TASK STATEMENT: Exact copy, no pictures: return only the lines below from the line with "Хэтчбек Toyota Auris 2012 в Киеве" up to and including the line with "23.12.2025, xomx, Basketball".

DATA:
┄┄┄┄┄┄

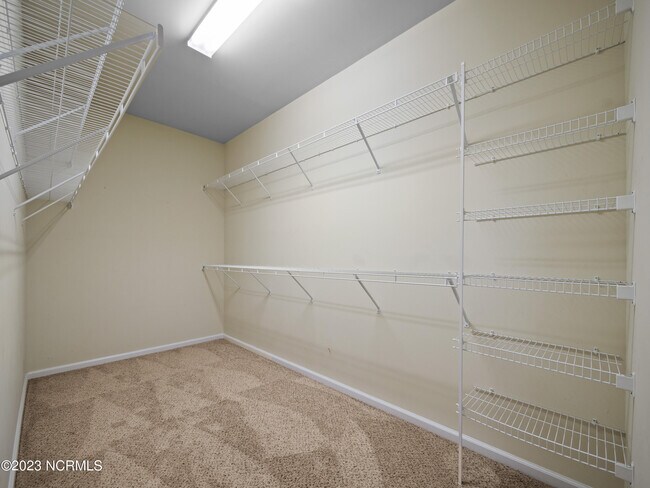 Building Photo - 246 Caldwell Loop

┄┄┄┄┄┄

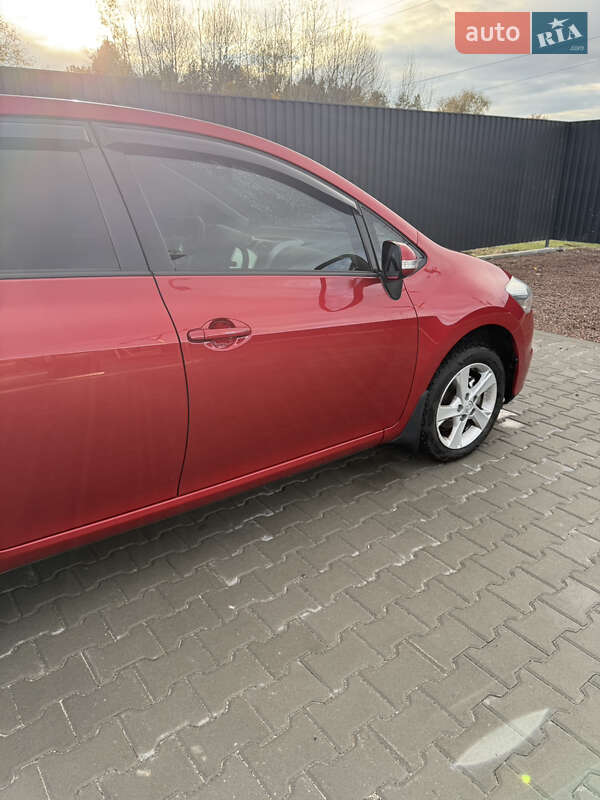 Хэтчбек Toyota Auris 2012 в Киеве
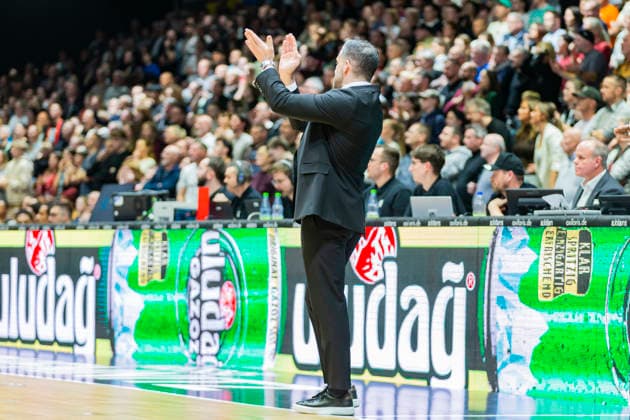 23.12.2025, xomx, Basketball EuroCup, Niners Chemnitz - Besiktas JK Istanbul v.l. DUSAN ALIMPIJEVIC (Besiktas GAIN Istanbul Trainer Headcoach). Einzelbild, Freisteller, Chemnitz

┄┄┄┄┄┄

RESULT FOR THIS TASK:
 Хэтчбек Toyota Auris 2012 в Киеве
 23.12.2025, xomx, Basketball EuroCup, Niners Chemnitz - Besiktas JK Istanbul v.l. DUSAN ALIMPIJEVIC (Besiktas GAIN Istanbul Trainer Headcoach). Einzelbild, Freisteller, Chemnitz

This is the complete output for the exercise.